Everyone loves a good fire pit – and for good reason. They turn any social gathering up a notch and provide hours of warmth and beauty to you, your family, and your guests. But burning laws can vary from state to state and even city to city. How can you make sure you’re well informed about outdoor fire pit laws? Below, I’m working on a list of outdoor fire pit laws by state. You can make sure your family gathering won’t have a surprise visit by the police!
Please note: This is no substitute for legal advice. I am not a lawyer!
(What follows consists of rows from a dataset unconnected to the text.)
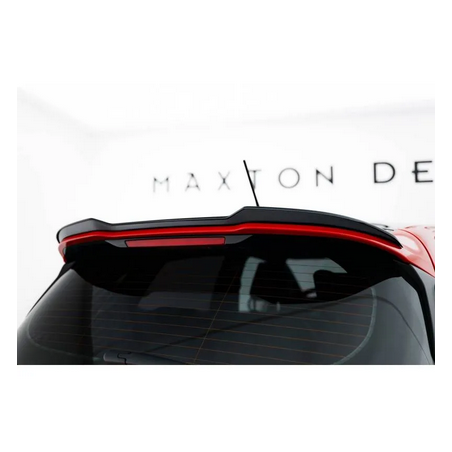 Spoiler Cap V.3 Maxton - Ford Fiesta Mk8 ST / ST-Line Noir Brillant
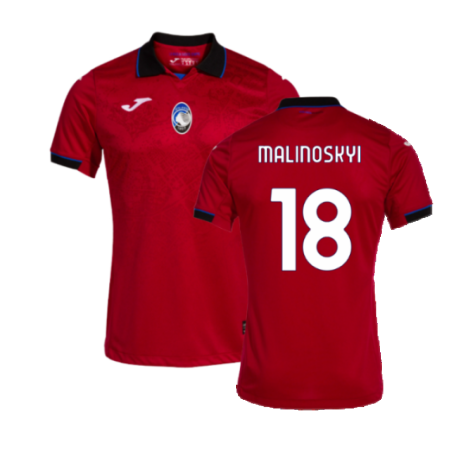 2023-2024 Atalanta Third Shirt (Malinoskyi 18)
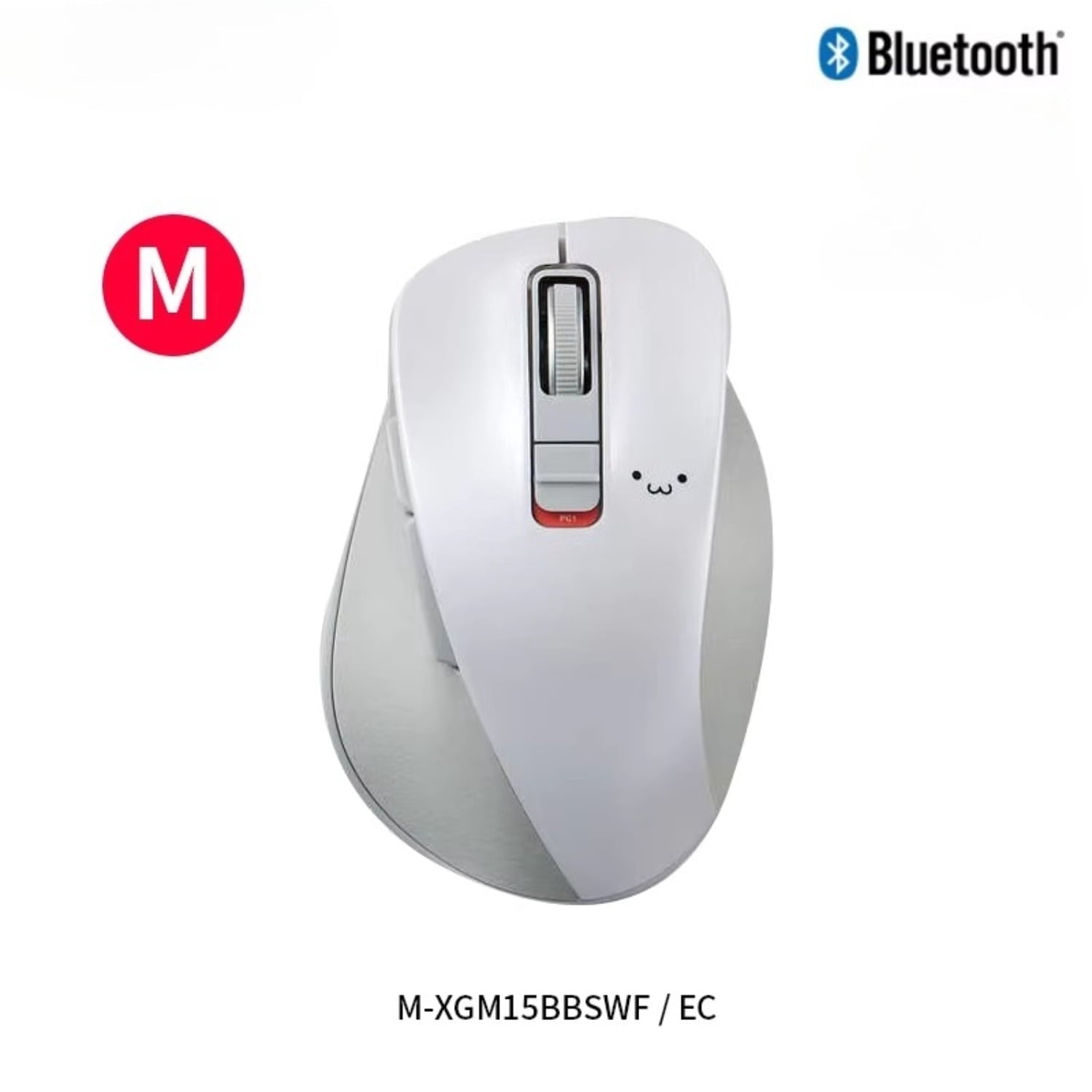Silent Wireless Bluetooth Mouse with Ergonomic Design, Comfortable Grip for Gaming, Laptop and IPad Use
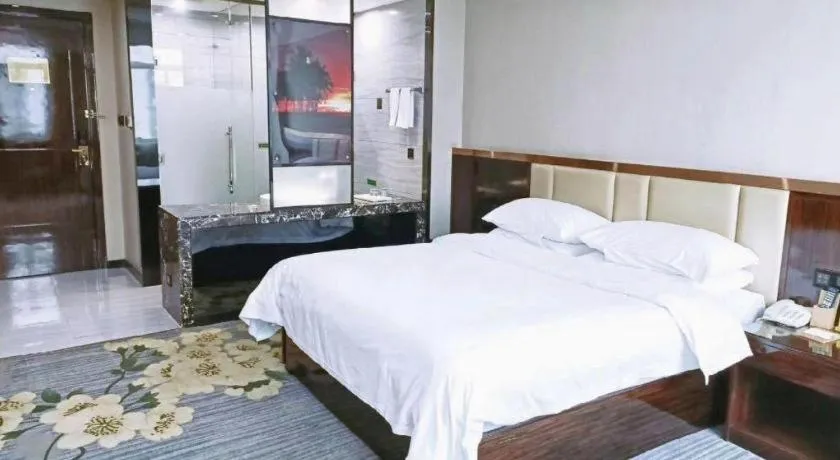 Bed in Vienna Classic Hotel Fujian Nanjing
Kentucky Outdoor Fire Pit Laws
Kentucky is a very lax state when it comes to fire pit laws. There may be city ordinances, but as long as you follow some very simple rules put forth by the state, you should be in the clear. Those rules are:
- Don’t burn anything within 150 feet of any woodland or brush-land between the hours of 6 a.m. to 6 p.m during fire seasons.
- Do not burn garbage or any other materials besides natural plant matter (such as brush and wooded debris).
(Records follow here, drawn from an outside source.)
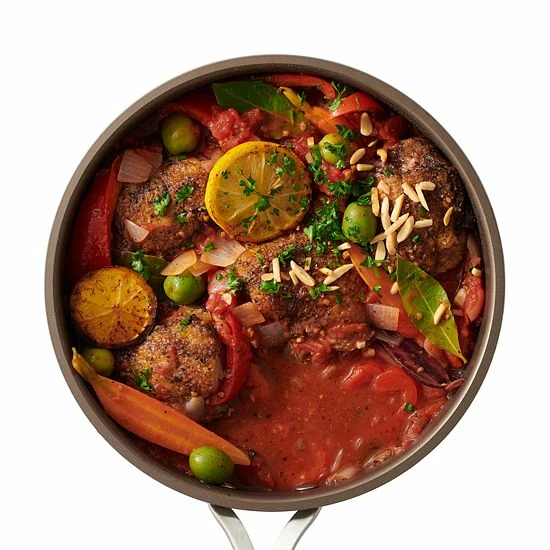 Food Network™ 10-pc. Textured Titanium Nonstick Cookware Set Silver - Image 9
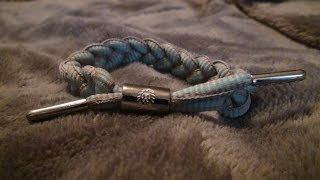 Rastaclat McFly Grey amp Mint Shoelace Bracelet [upl. by Lapotin978]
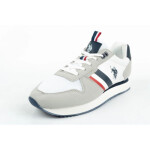 U.S. Polo ASSN. M NOBIL006-WHI sportovní obuv 42
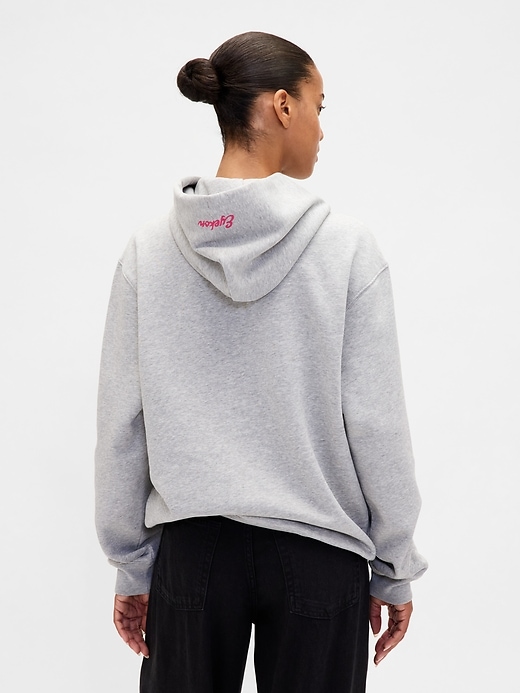 Image number 3 showing, KATSEYE Logo Relaxed Hoodie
Massachusetts Outdoor Fire Pit Laws
Massachusetts fire pit laws are among the strictest in the nation. In fact, fire pits fall under the general MassDEP burning regulations. These regulations are the same for fire pits as they are for bon fires! And many places require you to get a permit before burning anything at all.
However, there are special exceptions made for outdoor cooking fire pits. If you’re making some food, you might be in the clear. There are still guidelines you must abide by though. For instance, the fire pit must be:
- Kept to a reasonable size;
- Located away from combustible materials;
- Contained in a non-flammable enclosure; and
- Tended by someone who is 18 years of age or older.